TRA6 | Reimagining Biodiversity Governance through Relational and Constitutive Values
Reimagining Biodiversity Governance through Relational and Constitutive Values
Convener: Hiroe Ishihara | Co-conveners: Mayumi Fukunaga, Chiho Ochiai

Achieving transformative change in biodiversity governance requires more than new tools—it demands a fundamental rethinking of how we value and relate to nature. This session examines how relational and constitutive values can inform more inclusive, pluralistic, and just governance. Building on the IPBES Values Assessment, which positioned relational values alongside intrinsic and instrumental values, we extend the conversation by introducing constitutive values—focusing on how valuations emerge over time through cultural practices, social interactions, and institutions. This shifts attention from the content of values to the processes that generate, sustain, and transform them, including how certain values come to dominate or decline.
Recognising these social and historical dynamics helps identify leverage points for change and engage with Indigenous and local knowledge systems—not only as sources of alternative values, but as reflections of distinct ontologies and governance logics. By foregrounding culturally embedded and historically situated modes of valuation, constitutive values illuminate context-sensitive, power-aware pathways for reconnecting people and nature.

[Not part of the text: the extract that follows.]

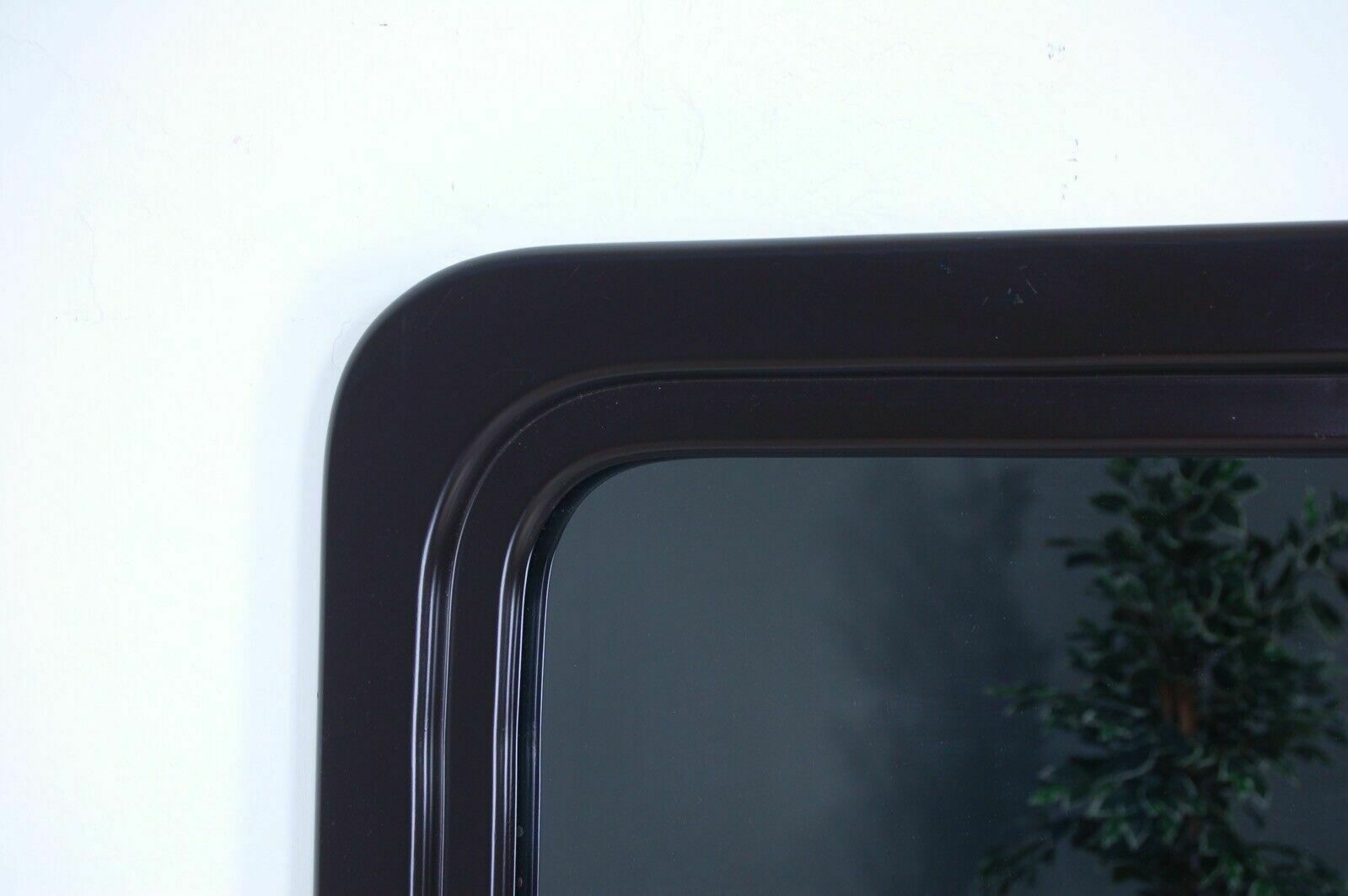 70s Design Square Mirror With Spece Age Brown Lacquered Wooden Frame 70cm photo Home Decor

The session invites presentations that explore: (1) how relational and constitutive values are produced, reproduced, or contested; (2) how tensions among values are negotiated in governance; (3) how socio-ecological change affects their durability or transformation; and (4) conceptual and methodological innovations for making these values actionable. Together, we aim to advance understanding of how culturally embedded values shape governance and to explore transformative pathways for navigating value pluralism.